It would be great, if shutter could has feature to merge two screenshots. So that we could easily overlap one screenshot over the other and point out the differences.
Looks really useful, any ETA on a new version or..? I notice this post is from a few years ago, I use this tool to help build car websites.
Yours truly,
Brian @ http://busamcincinnati.com/
can i use shutter to take screenshot, add title and descriptins then upload to my own website?
What version added post-capture editor with crop, pixelization of area, ading text and similar? I’m using Debian unstable with 0.85 version. I have always started GIMP to do this manipulations, but this is time consuming, and always wanted to have this built-into shutter. So was it 0.87? Any idea if Debian package will be updated?
Ah, apt-get install libgoo-canvas-perl, solved my problem! Why the hell this package do not install be default with shutter using Depends!? I understand it would work without it, but why anybody would not install it?
This is not a bug in Shutter – it is just the way the official packages are build.
I have already contacted Debian’s maintainer, but he is not responding. In Ubuntu this is solved and the package is very up-to-date as well. Ubuntu’s maintainer tried to get his changes into Debian as well – but again, no luck.
Is there a date/time plugin in Shutter?
I want to have the date and time on each screenshot for QA purposes.
TIA
You might want to use the watermark plugin for this. You could use %D to add the current date for example, see:
http://img138.imageshack.us/img138/5024/watermarkdate.png
It is possible to use any variable listed here:
http://opengroup.org/onlinepubs/007908799/xsh/strftime.html
Anyway, it might be a good idea to add this to core, because Shutter is often used for QA purposed and that sounds like a useful functionality to me.
@Samundra
Sounds like a good reason to learn Perl! No, seriously…please see my answer here:
/2008/10/upload-your-screenshots-to-flickr/#comment-3875
Hey developers !
I wanted to extend Shutter’s upload feature by writing my own lines of codes in Python. Can I do that ? I found that all files in uploads are written in Perl.

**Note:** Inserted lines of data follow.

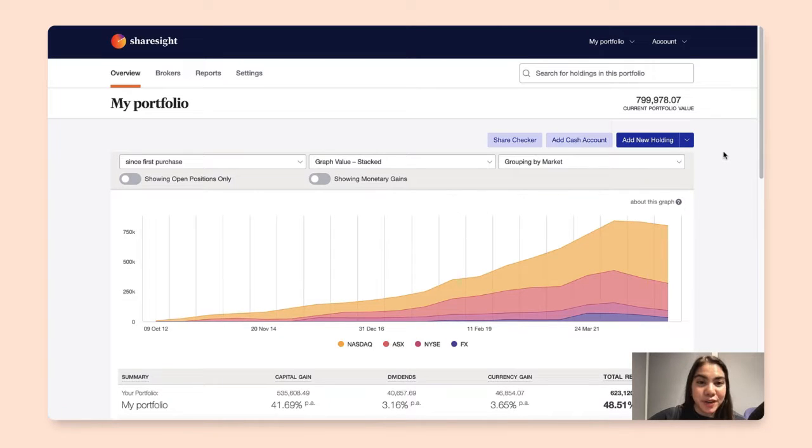Hi! This video will walk you through how you can delete a holding in ShareSite.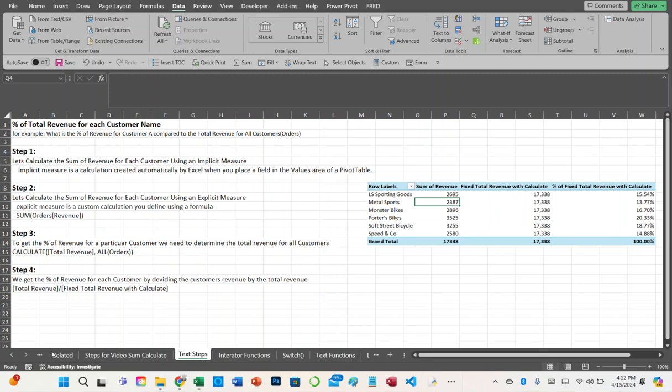Hi, this is Keith Hall and welcome back to another tutorial using DAX functions. I'm doing this within the Microsoft Excel 365 Power Pivot environment. Today we're going to learn multiple functions in DAX, and our end result is we're going to calculate the total revenue for each customer name — meaning the percentage of total revenue.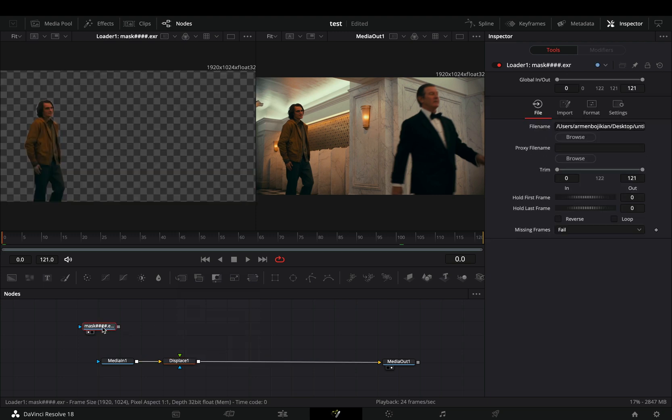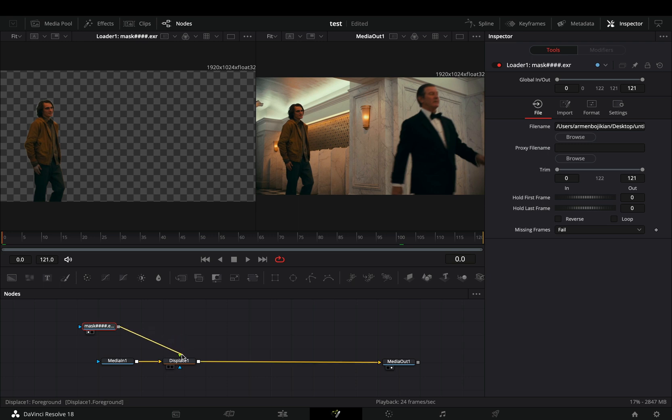I've used the magic mask for this because I can and I'm too lazy to make it manually. Connect this masked clip to the displace node.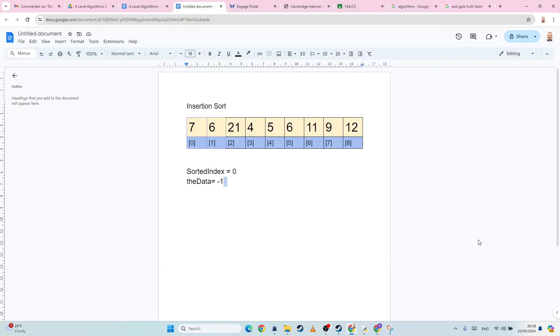Hey guys, so we're going to have a look at insertion sort next. Now insertion sort is very similar to bubble sort, it almost feels like you're doing it in reverse.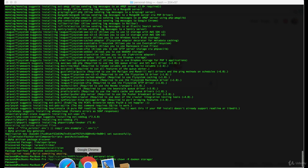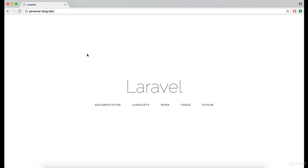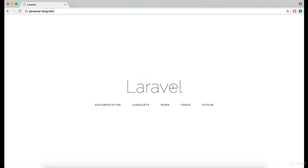Now make sure that your application is working. And if you see the Laravel title, it means you are ready to go.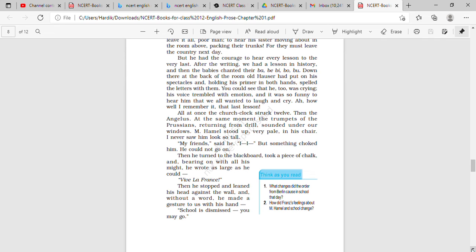How well I remember it, that last lesson. So the lesson is remembered by all the students and of course the author. We will end the lecture for today. Thank you.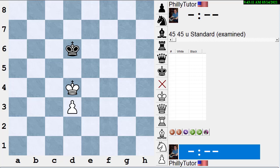Hi, this is Dan Heisman and we're here to give you another video to help you improve your chess game. I thought I'd talk a little bit about principles today. A principle is a heuristic — it's a guideline, a little saying that tells you how to do something or how to do something better.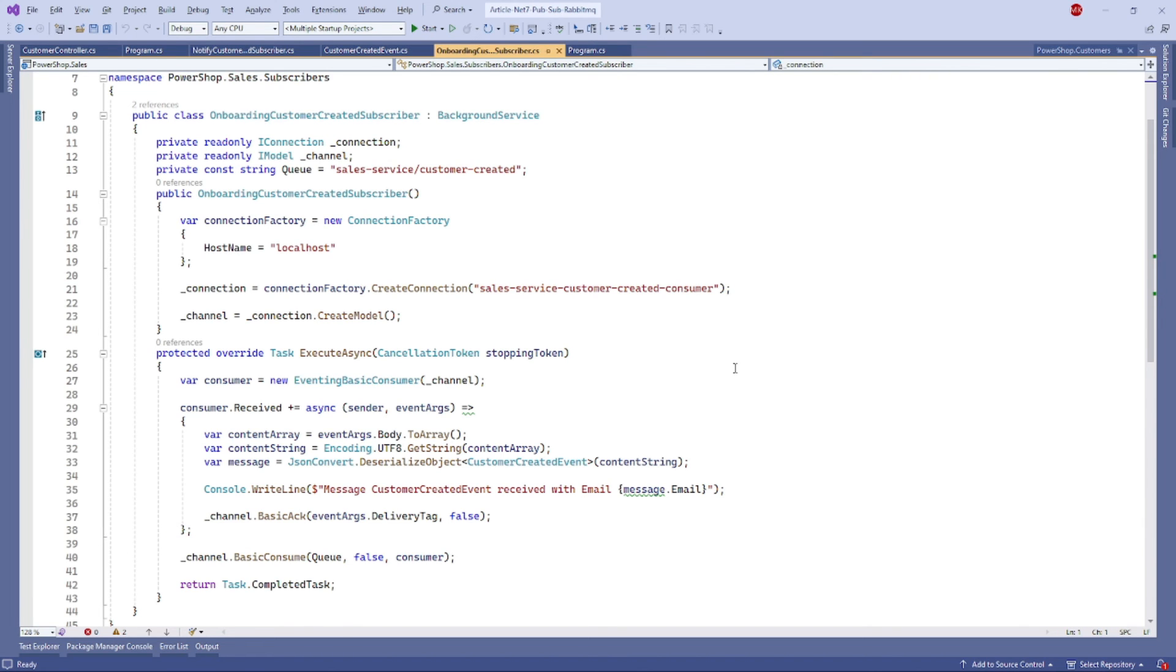Now let's take a look at the onboarding customer-created subscriber in this project. It follows the same pattern as the previous subscriber, as you can see here.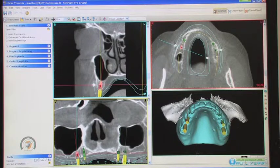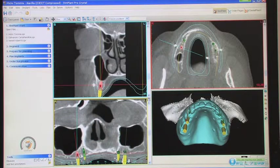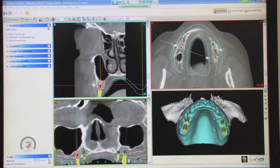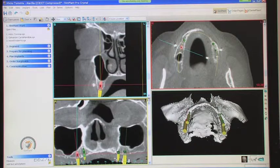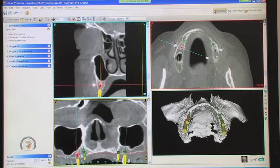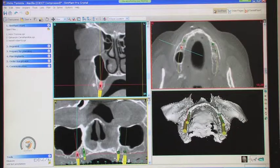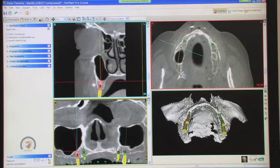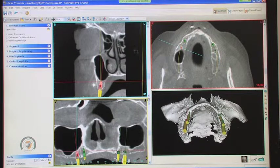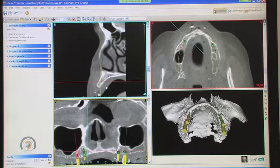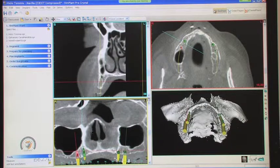To review the different views we have here for our audience: on the lower right we have a 3D rendering of the patient, so you can see the patient's prosthesis. We can take that away and you can see the patient's ridge. Above we have axial slices we can scroll through. There's a yellow curve along the arch, a blue cross-section line, and on the lower left is a panoramic-type view.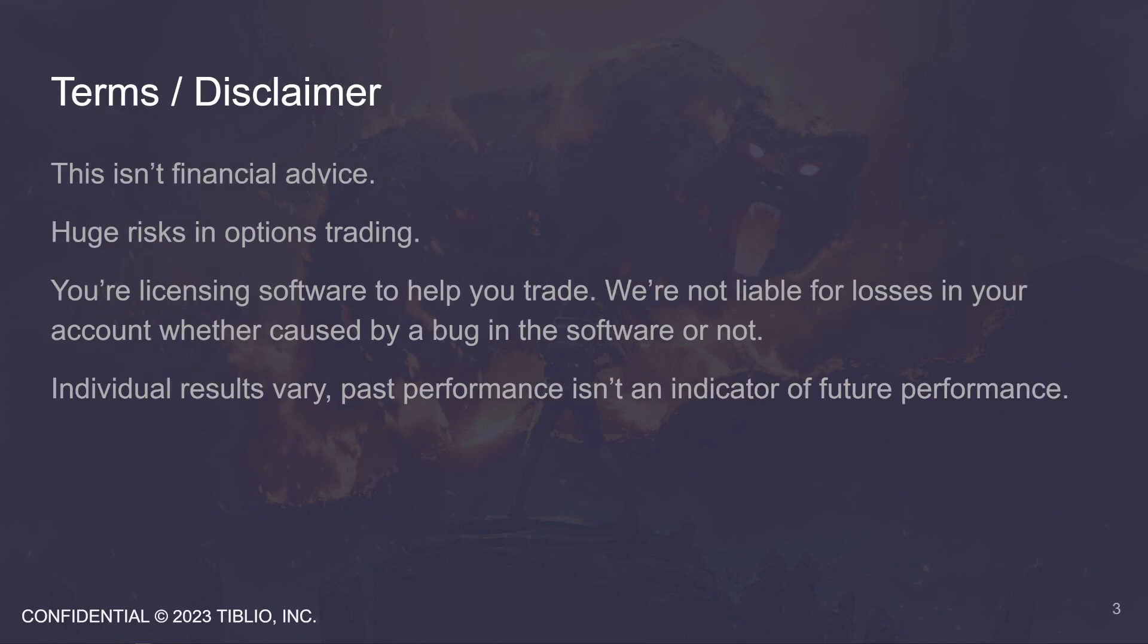Here's a quick disclaimer. These are the most abbreviated disclaimers I could put on here. Tiblio is software as a service at all times. You're in the driver's seat in control and responsible for your account. There is a huge risk in options trading, and there is even greater risk in options selling compared to option buying.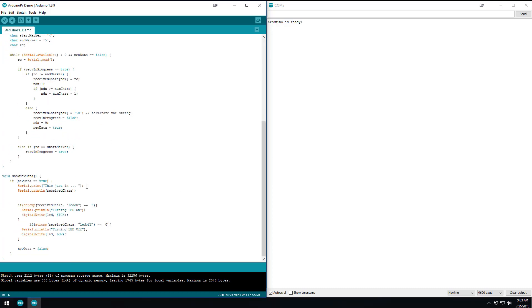And then what we're doing down here in this function called show new data is that when data comes in, if it's getting the phrase LED on, then it's going to turn the LED on. If it's getting the phrase LED off, it's going to turn the LED off. Now, what's different about this?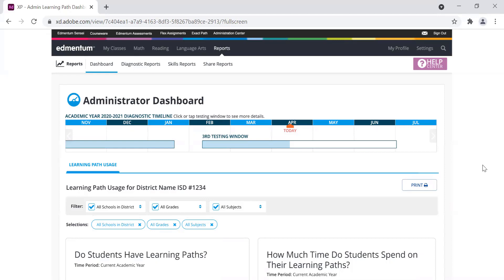Our research shows that students who complete at least eight skills in the Learning Path will show significant learning gains. These new reports will help administrators ensure that all students have received Learning Paths and are spending enough time to achieve their expected growth.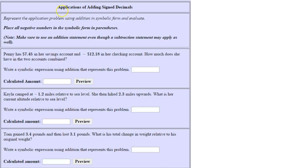In this homework problem we're looking at applications of adding signed decimals. The directions say to represent the application problem using addition in symbolic form and evaluate. Place all negative numbers in parentheses in the symbolic form, and make sure to use an addition statement even though a subtraction statement may apply as well.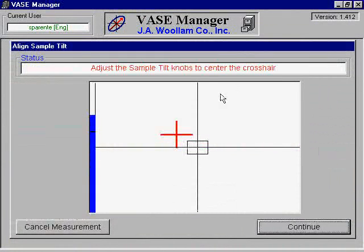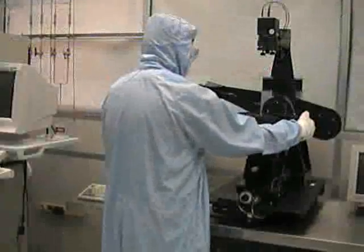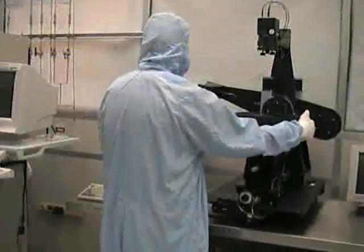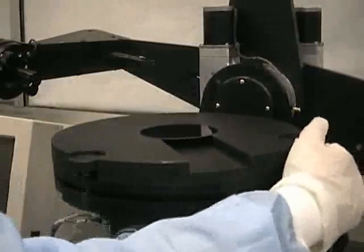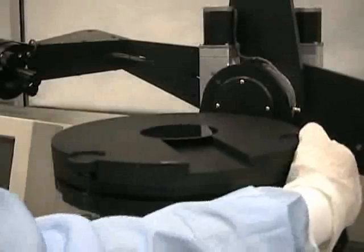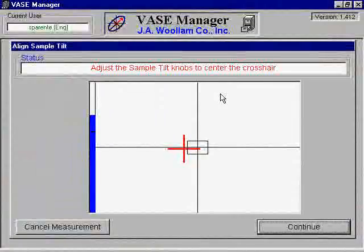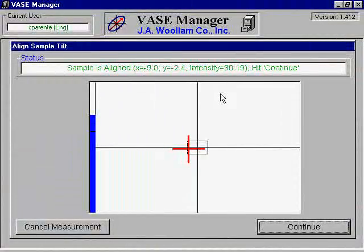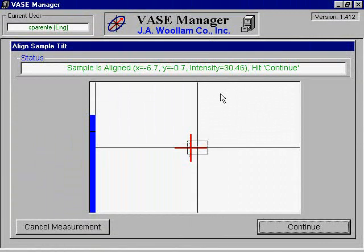The next screen will show a red crosshair somewhere on a pair of axes. Align the crosshair with the center of the axes by turning the alignment knobs located on the front and right side of the sample stage. Once the crosshair is inside the box, the coordinates will appear on the top of the screen. Use the alignment knobs to try to get the crosshair as perfectly centered as possible.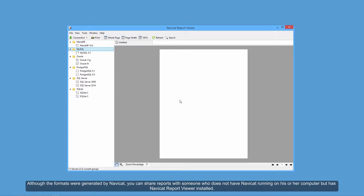Although the formats were generated by Navicat, you can share reports with someone who does not have Navicat running on his or her computer but has Navicat Report Viewer installed.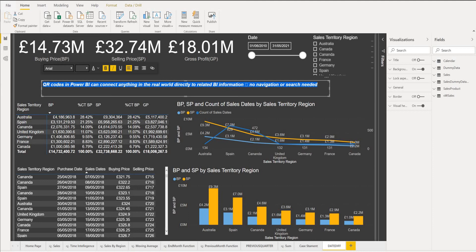Welcome to Power BI demo channel. Today I'll do a video on how to generate QR codes. QR codes in Power BI can connect anything in the real world directly to related BI information — no navigation or search needed.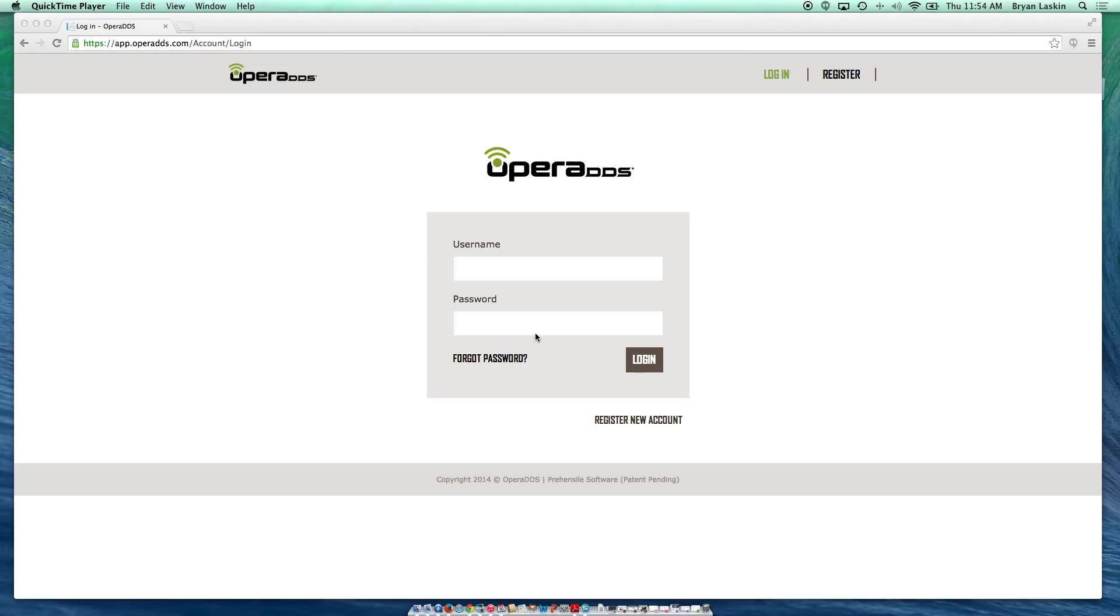Hello, this is Dr. Brian Laskin, creator of Opera DDS. In this short video I'll show you how to edit your user settings in addition to changing your password.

If we could write our own piece of code and integrate it to Shutter then that would be awesome. Obviously, There are many of us who will be more then happy to contribute to Shutter.
with best regards,
Samundra
@loomsen
I am working on it. This will be included in the next version (hopefully).
Erm embarrassed *push*
Any news on the log for uploaded files yet?
This is already possible in the latest version (0.86 and later).
This is not implemented yet, but it is planned for future versions.